Affiliated Central Funds

Information regarding fiscal year to date income earned by the Fund from investments in Fidelity Central Funds is as follows:

Fund Income earned 
Fidelity Cash Central Fund $580,670 

Consolidated Subsidiary

 Value, beginning of period Purchases Sales Proceeds Dividend Income Value, end of period 
Geode Series Commodity Return Cayman Ltd. $228,602,087 $149,999,839 $50,000,138 $- $253,008,058 

The Fund invests in certain commodity-related investments through Geode Series Commodity Return Central Cayman Ltd., a wholly owned subsidiary (the "Subsidiary"). As of October 31, 2015, the Fund held an investment of $253,008,058 in the Subsidiary, representing 16.2% of the Fund's net assets. The Quarterly Holdings report is consolidated and includes the holdings of the Fund and the Subsidiary.

Investment Valuation

The following is a summary of the inputs used, as of October 31, 2015, involving the Fund's assets and liabilities carried at fair value. The inputs or methodology used for valuing securities may not be an indication of the risk associated with investing in those securities. Additional information on valuation inputs, and their aggregation into the levels used below, is provided later in this section.

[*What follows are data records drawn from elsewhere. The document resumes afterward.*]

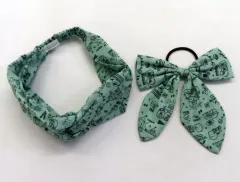 【中古】アクセサリー(非金属) 集合 パターンヘアアクセセット ミント 「すみっコぐらし×CIAOPANIC TYPY」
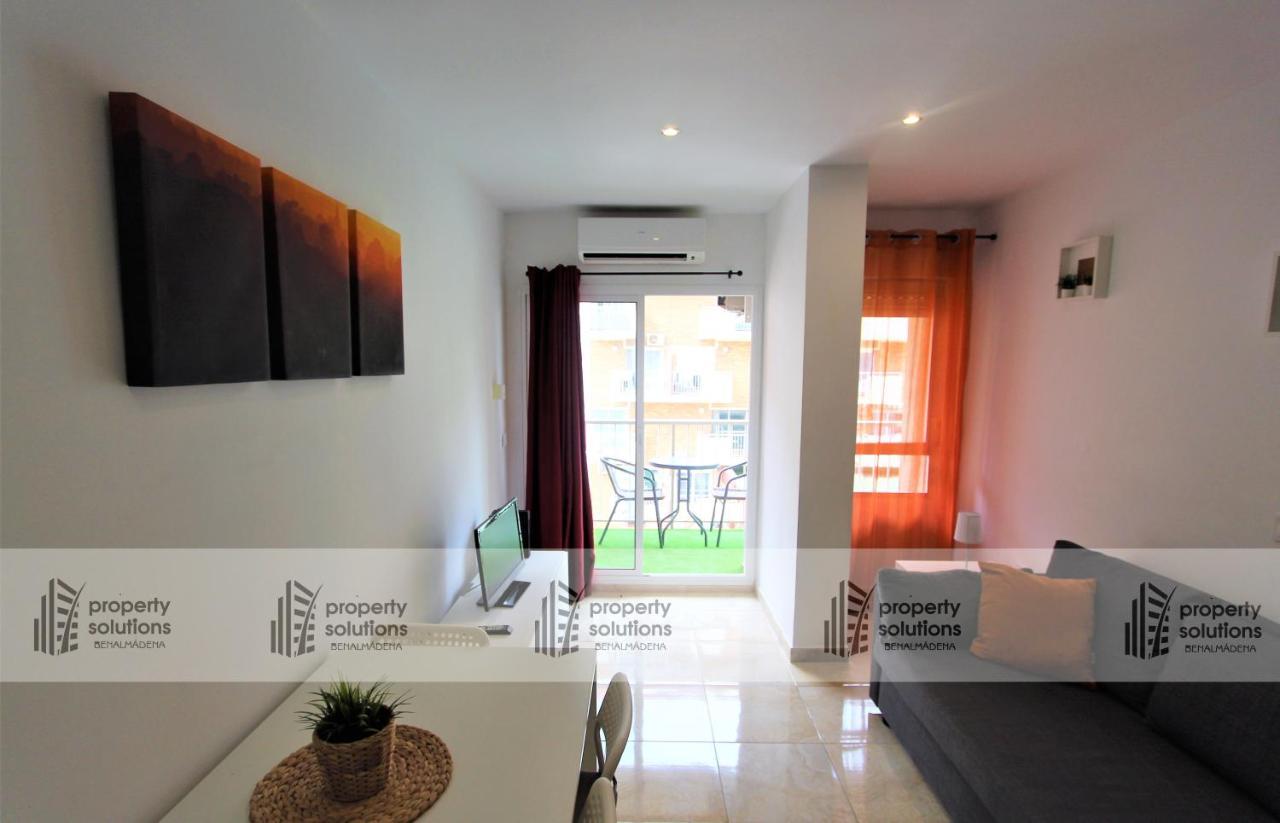 206 Júpiter Apartamentos - EXCELENTE CONEXIÓN WIFI - PISCINA ABIERTA TODO EL AÑO Benalmádena Exterior foto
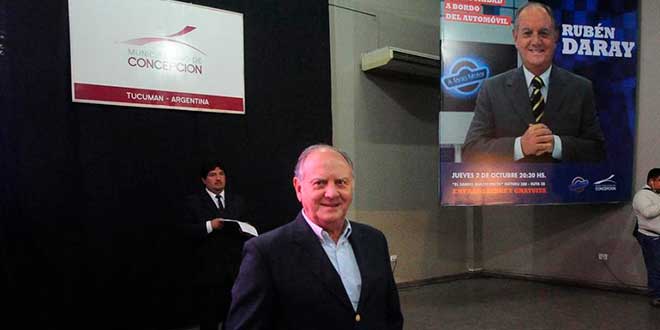 ruben daray orador, disertante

 Valuation Inputs at Reporting Date: 
Description Total Level 1 Level 2 Level 3 
Investments in Securities:     
U.S. Government and Government Agency Obligations $199,995,125 $-- $199,995,125 $-- 
Money Market Funds 1,374,575,065 1,374,575,065 -- -- 
Total Investments in Securities: $1,574,570,190 $1,374,575,065 $199,995,125 $-- 
Derivative Instruments:     
Assets     
Futures Contracts $1,852,569 $1,852,569 $-- $-- 
Swaps $1,382,456 $-- $1,382,456 $-- 
Total Assets $3,235,025 $1,852,569 $1,382,456 $-- 
Liabilities     
Futures Contracts $(7,359,757) $(7,359,757) $-- $-- 
Swaps (24,788,132) -- (24,788,132) -- 
Total Liabilities $(32,147,889) $(7,359,757) $(24,788,132) $-- 
Total Derivative Instruments: $(28,912,864) $(5,507,188) $(23,405,676) $-- 

Investments are valued as of 4:00 p.m. Eastern time on the last calendar day of the period. Security transactions are accounted for as of trade date. The Board of Trustees (the Board) has delegated the day to day responsibility for the valuation of the Fund's investments to the Fidelity Management & Research Company (FMR) Fair Value Committee (the Committee). In accordance with valuation policies and procedures approved by the Board, the Fund attempts to obtain prices from one or more third party pricing vendors or brokers to value its investments. When current market prices, quotations or currency exchange rates are not readily available or reliable, investments will be fair valued in good faith by the Committee, in accordance with procedures adopted by the Board. Factors used in determining fair value vary by investment type and may include market or investment specific events, changes in interest rates and credit quality. The frequency with which these procedures are used cannot be predicted and they may be utilized to a significant extent. The Committee oversees the Fund’s valuation policies and procedures and reports to the Board on the Committee's activities and fair value determinations. The Board monitors the appropriateness of the procedures used in valuing the Fund's investments and ratifies the fair value determinations of the Committee. The Fund categorizes the inputs to valuation techniques used to value its investments into a disclosure hierarchy consisting of three levels: Level 1 - quoted prices in active markets for identical investments: Level 2 - other significant observable inputs (including quoted prices for similar investments, interest rates, prepayment speeds etc.): Level 3 - unobservable inputs (including the Fund's own assumptions based on the best information available). Changes in valuation techniques may result in transfers in or out of an assigned level within the disclosure hierarchy. Valuation techniques used to value the Fund's investments by major category are as follows:

Debt securities, including restricted securities, are valued based on evaluated prices received from third party pricing vendors or from brokers who make markets in such securities. U.S. government and government agency obligations are valued by pricing vendors who utilize matrix pricing which considers yield or price of bonds of comparable quality, coupon, maturity and type or by broker supplied prices.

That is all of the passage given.